From the line containing "Chanel Blue Quilted" through the last line of the data, both ends included, write out every line exactly; omit the pictures.

▬▬▬▬▬▬▬▬▬▬

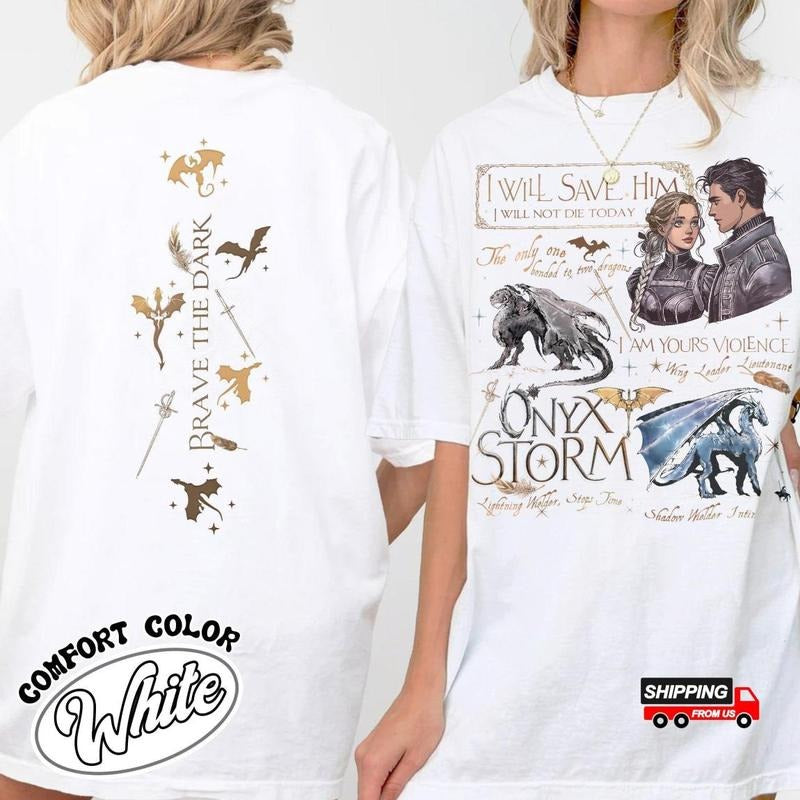Onyx Storm Brave The Dark Shirt, Onyx Storm Dragons Shirt, Fourth Wing Series Shirt, Violet Sorrengail Shirt, Full Color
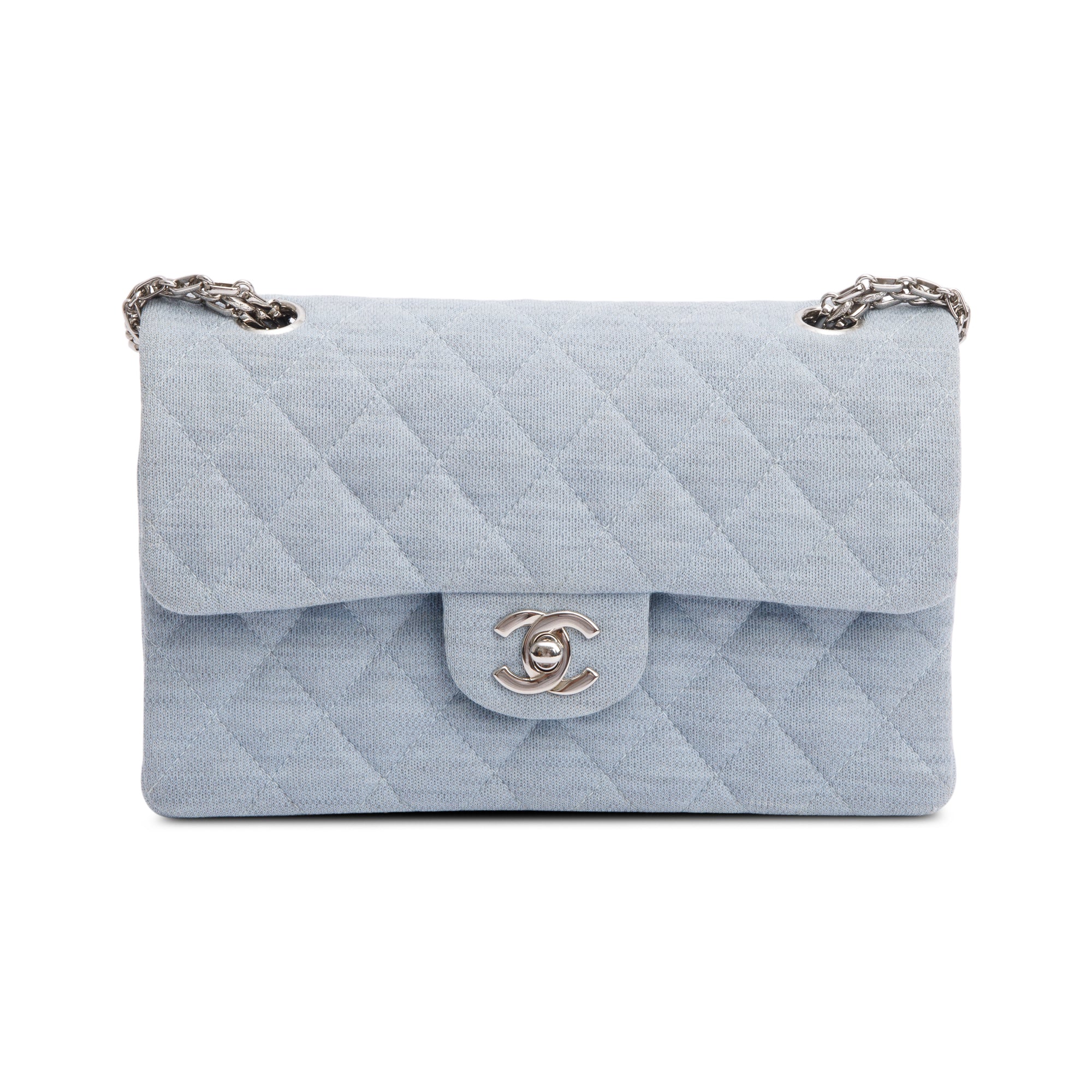 Chanel Blue Quilted Jersey Small Double Flap Bag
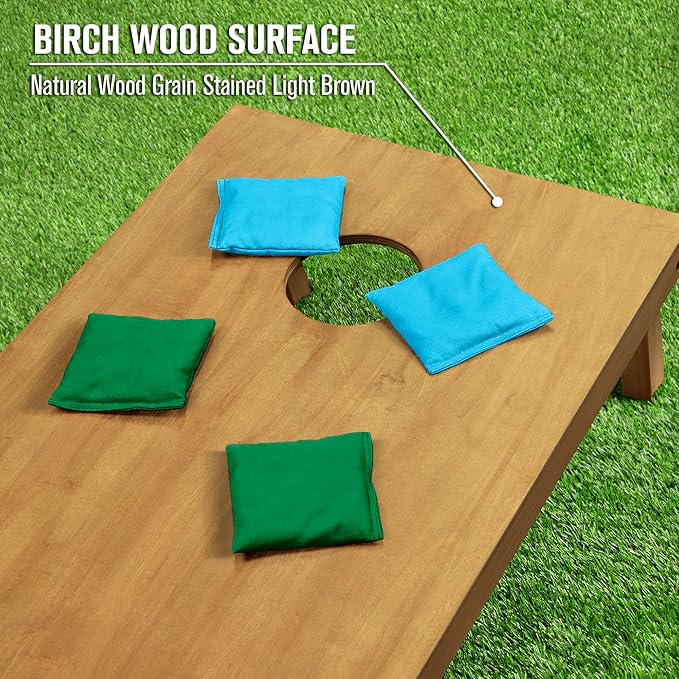 GoSports 4 ft x 2 ft Regulation Size Wooden Cornhole Boards Set - Includes Carrying Case - Full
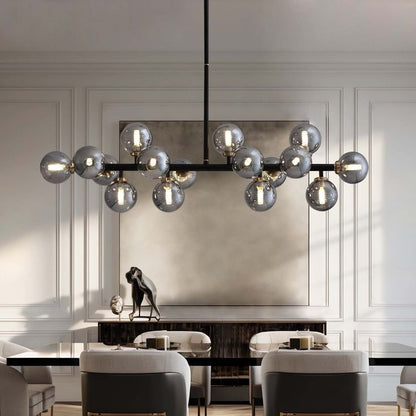 Modern Linear 16-Light Polished Black Beaded Chandelier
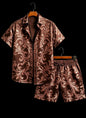 Men's luxury architectural style printed two-piece set, short sleeved shirt and shorts, for daily wear and exotic luxury style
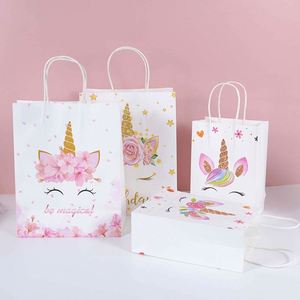 KM China, venta al por mayor, bolsa de regalo de papel personalizada barata, bolsa de regalo con logotipo personalizado, cumpleaños con diseño de <span class=keywords><strong>unicornio</strong></span> - Product Image 3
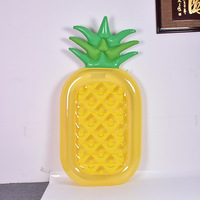 En stock, Vente chaude transfrontalière : Bouée de piscine gonflable ananas, Lit flottant aquatique, Chaise longue aquatique ananas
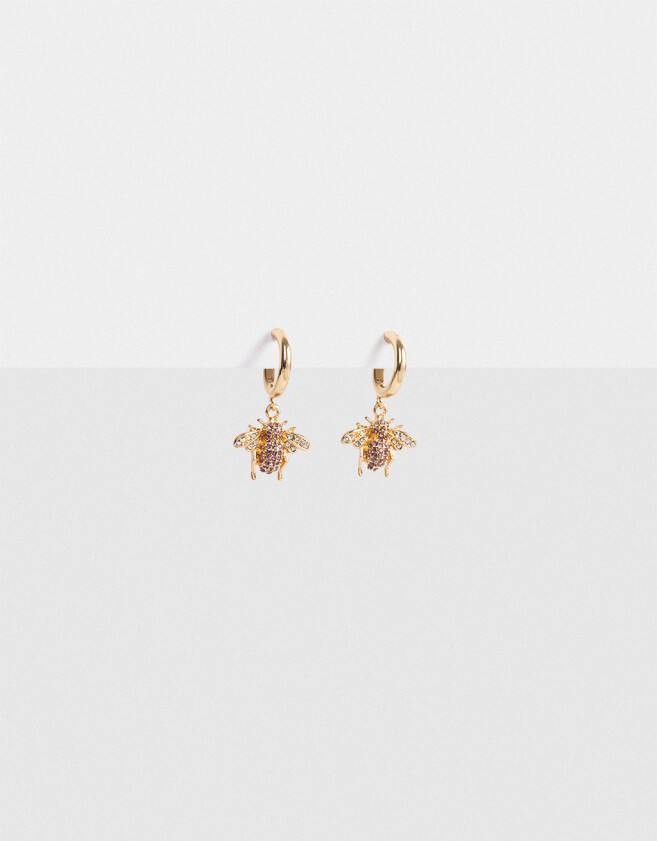 Aros Argollas Con strass Aros Argolla Dije Abeja - Dorado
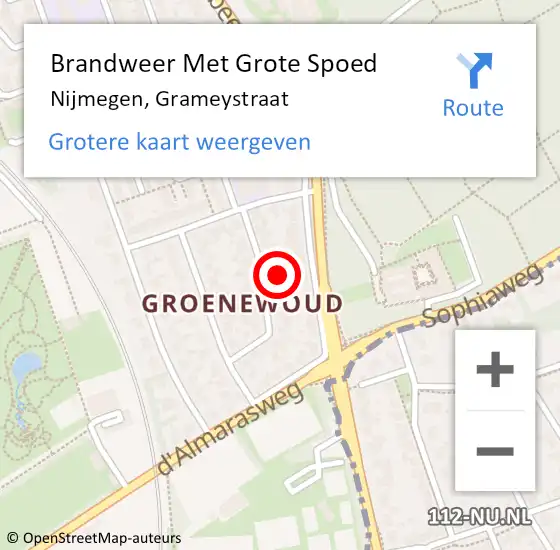 Locatie op kaart van de 112 melding: Brandweer Met Grote Spoed Naar Nijmegen, Grameystraat op 13 mei 2024 17:03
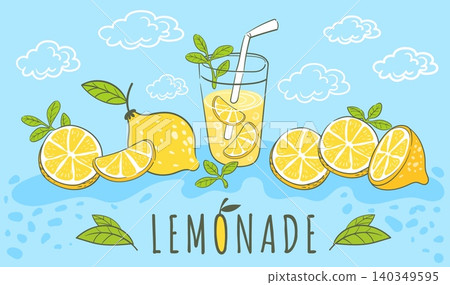 Doodle lemonade background. Hand drawn lemon juice in glass, ice summer drink jar mint leaves fresh soda beverage cup lemon citrus fruit slice cartoon neat vector illustration Doodle lemonade background. Hand drawn lemon juice in glass, ice summer drink jar mint leaves fresh soda beverage cup lemon citrus fruit slice cartoon neat vector illustration 140349595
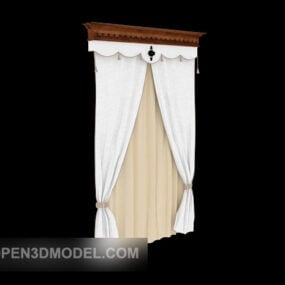 ヨーロッパのフレッシュスタイルのカーテン装飾3Dモデル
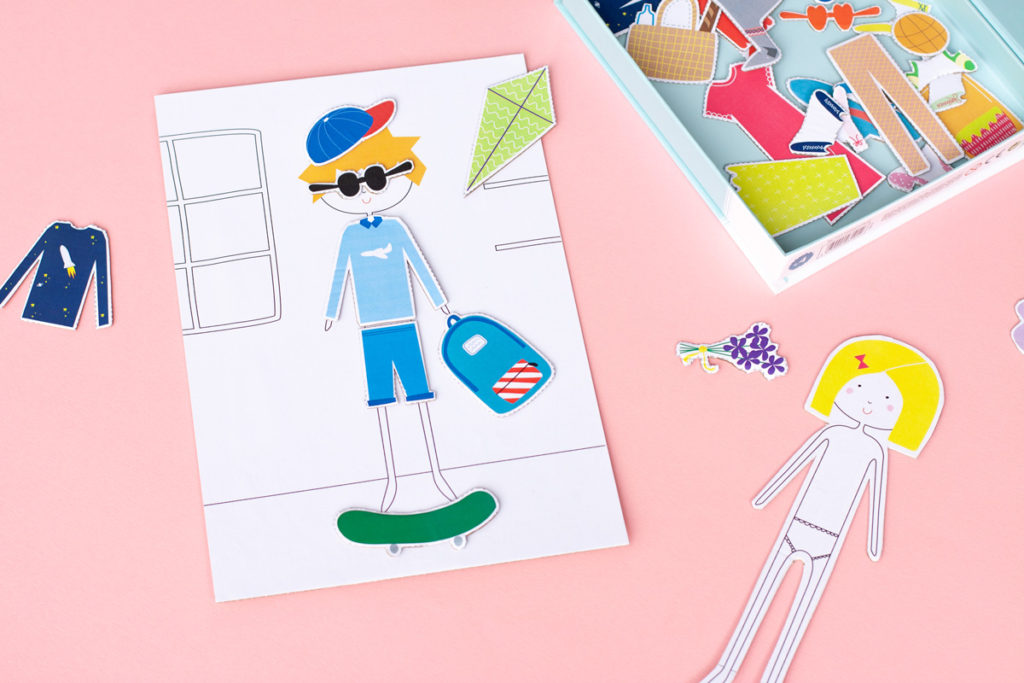 Printable dress up paper dolls in use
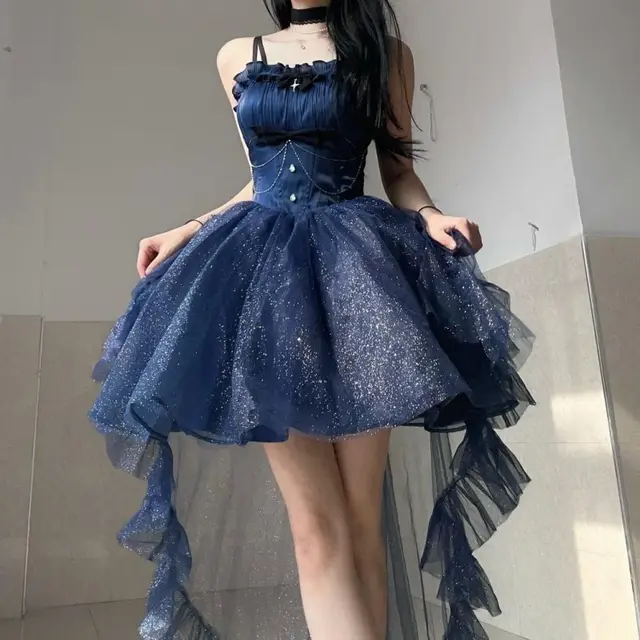 Female Leisure Star Princess Lolita Bridesmaid Dress Blue - Shop at LoveMi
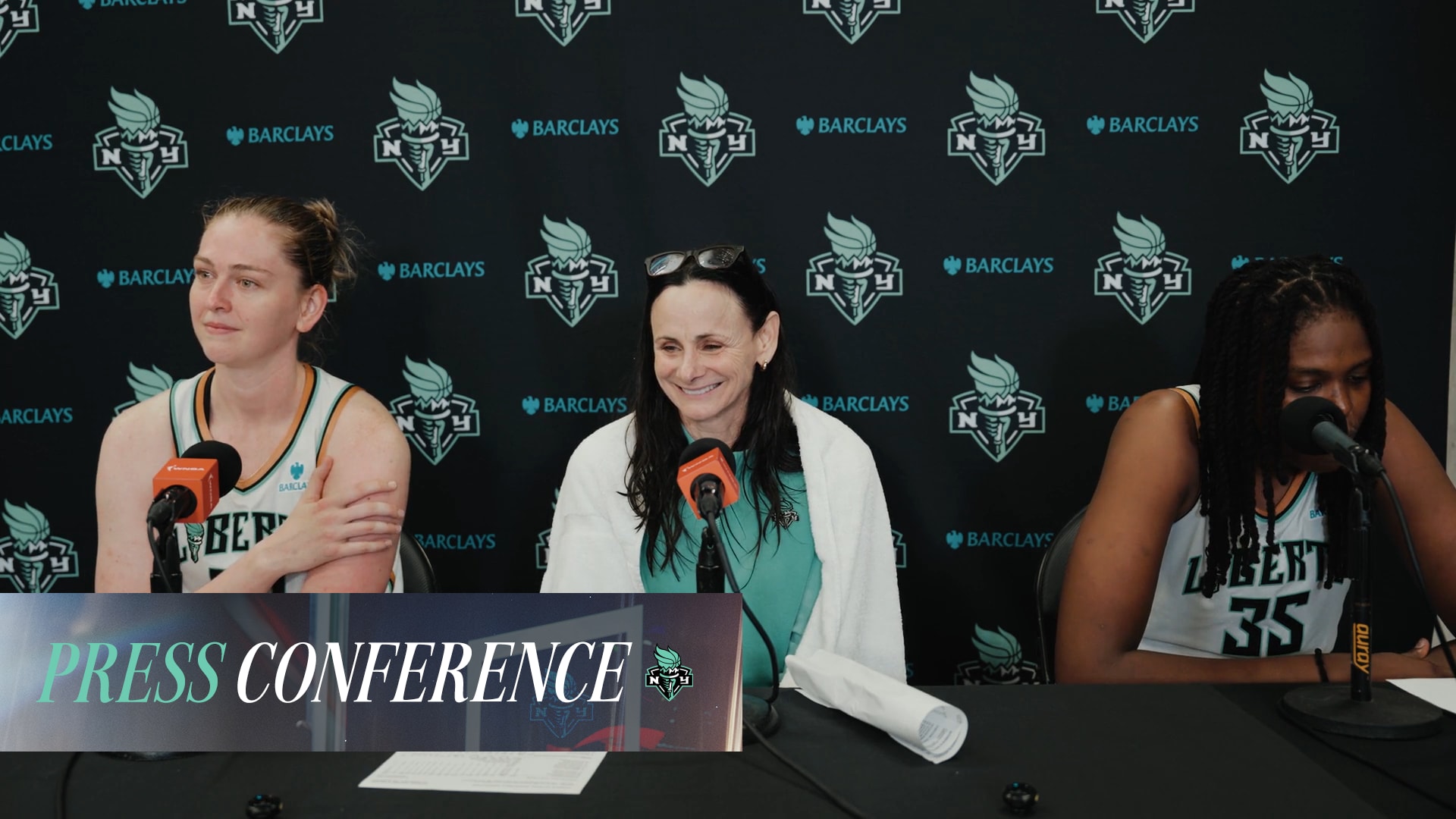 Emma Meesseman, Jonquel Jones & Coach Sandy Brondello | Post Game Press Conference | Aug 12, 2025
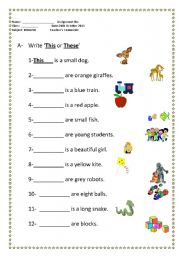 English Worksheet: this and these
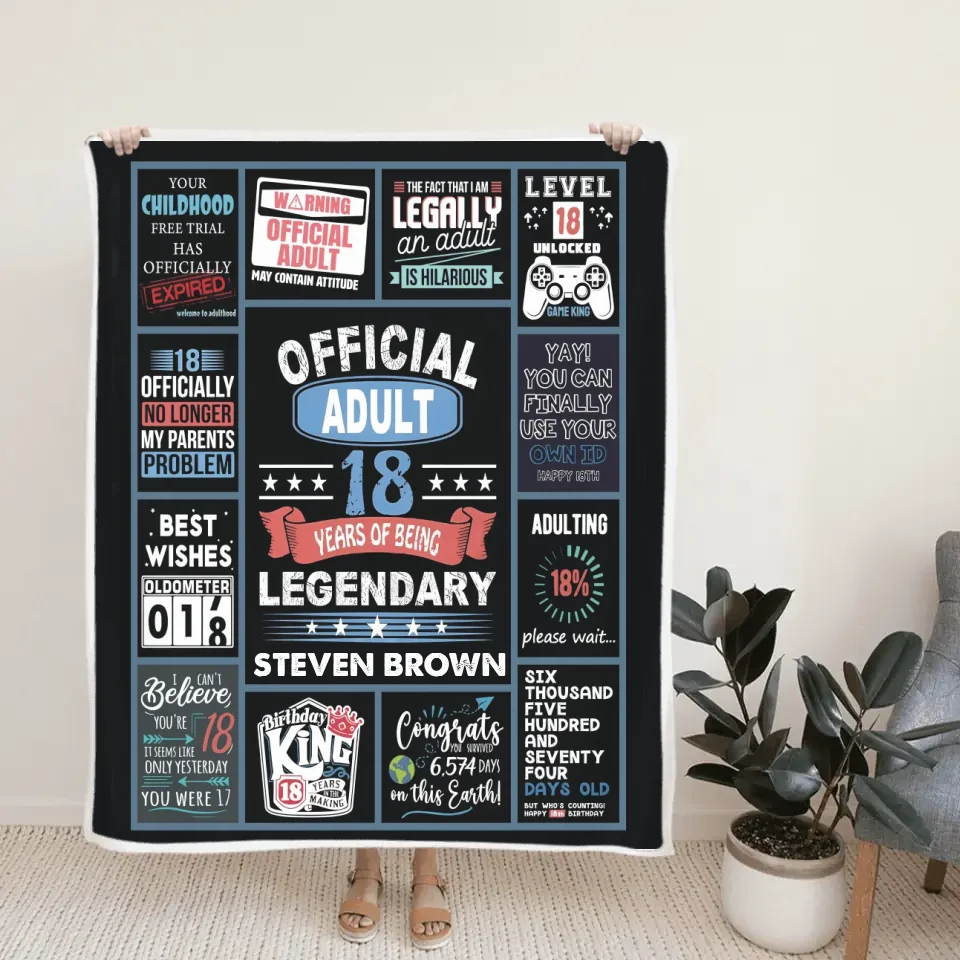 18 Year Old Boy Gifts - For Boy Turning 18 - Classic Fleece Blanket - 18th Birthday Gifts - Image 3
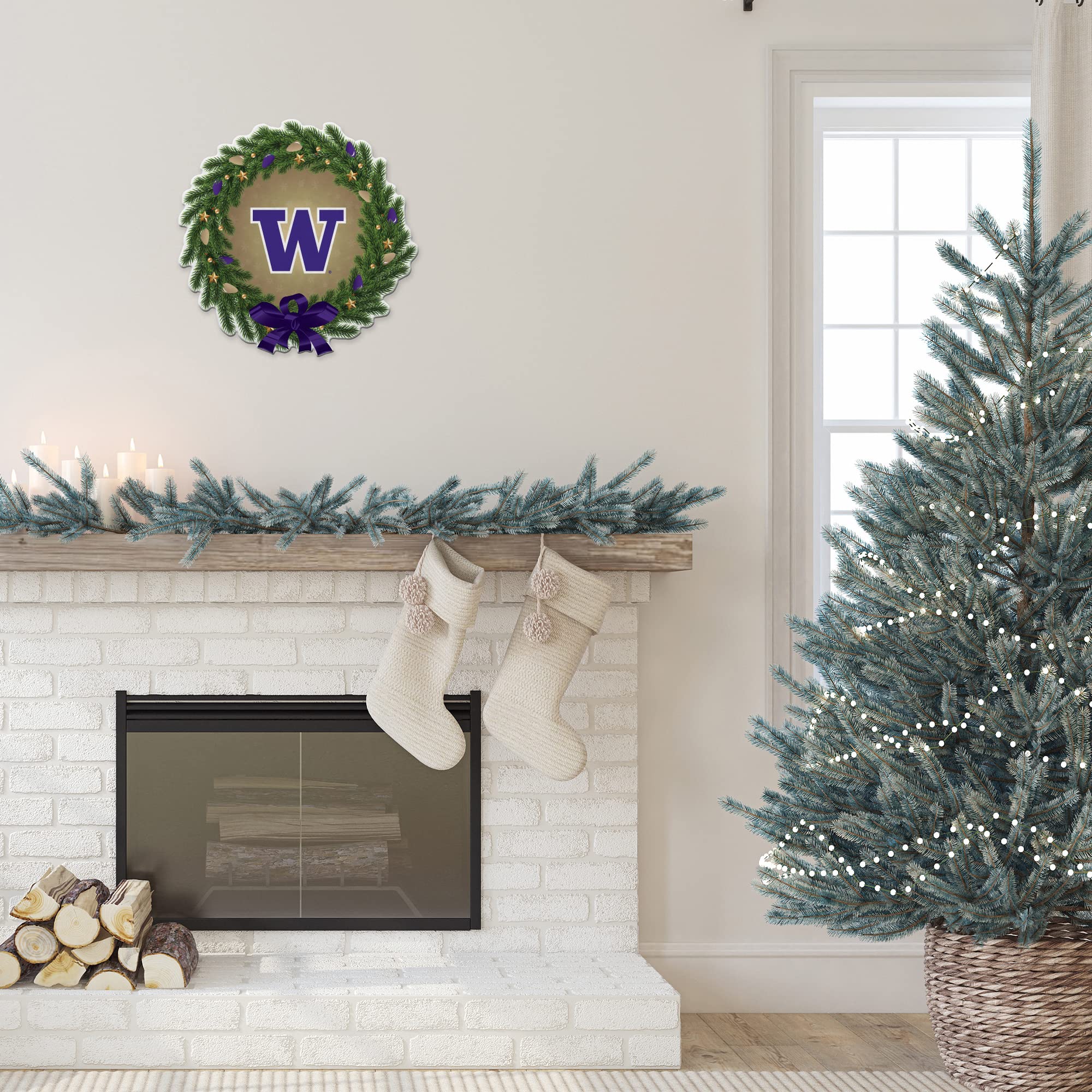 Rico Industries Ncaa Washington Huskies Wreath Shape Cut Pennant - Home And Living Room D  Cor - Soft Felt Ez To Hang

▬▬▬▬▬▬▬▬▬▬

» **Result of this exercise**
 Chanel Blue Quilted Jersey Small Double Flap Bag
 GoSports 4 ft x 2 ft Regulation Size Wooden Cornhole Boards Set - Includes Carrying Case - Full
 Modern Linear 16-Light Polished Black Beaded Chandelier
 Men's luxury architectural style printed two-piece set, short sleeved shirt and shorts, for daily wear and exotic luxury style
 KM China, venta al por mayor, bolsa de regalo de papel personalizada barata, bolsa de regalo con logotipo personalizado, cumpleaños con diseño de <span class=keywords><strong>unicornio</strong></span> - Product Image 3
 En stock, Vente chaude transfrontalière : Bouée de piscine gonflable ananas, Lit flottant aquatique, Chaise longue aquatique ananas
 Aros Argollas Con strass Aros Argolla Dije Abeja - Dorado
 Locatie op kaart van de 112 melding: Brandweer Met Grote Spoed Naar Nijmegen, Grameystraat op 13 mei 2024 17:03
 Doodle lemonade background. Hand drawn lemon juice in glass, ice summer drink jar mint leaves fresh soda beverage cup lemon citrus fruit slice cartoon neat vector illustration Doodle lemonade background. Hand drawn lemon juice in glass, ice summer drink jar mint leaves fresh soda beverage cup lemon citrus fruit slice cartoon neat vector illustration 140349595
 ヨーロッパのフレッシュスタイルのカーテン装飾3Dモデル
 Printable dress up paper dolls in use
 Female Leisure Star Princess Lolita Bridesmaid Dress Blue - Shop at LoveMi
 Emma Meesseman, Jonquel Jones & Coach Sandy Brondello | Post Game Press Conference | Aug 12, 2025
 English Worksheet: this and these
 18 Year Old Boy Gifts - For Boy Turning 18 - Classic Fleece Blanket - 18th Birthday Gifts - Image 3
 Rico Industries Ncaa Washington Huskies Wreath Shape Cut Pennant - Home And Living Room D  Cor - Soft Felt Ez To Hang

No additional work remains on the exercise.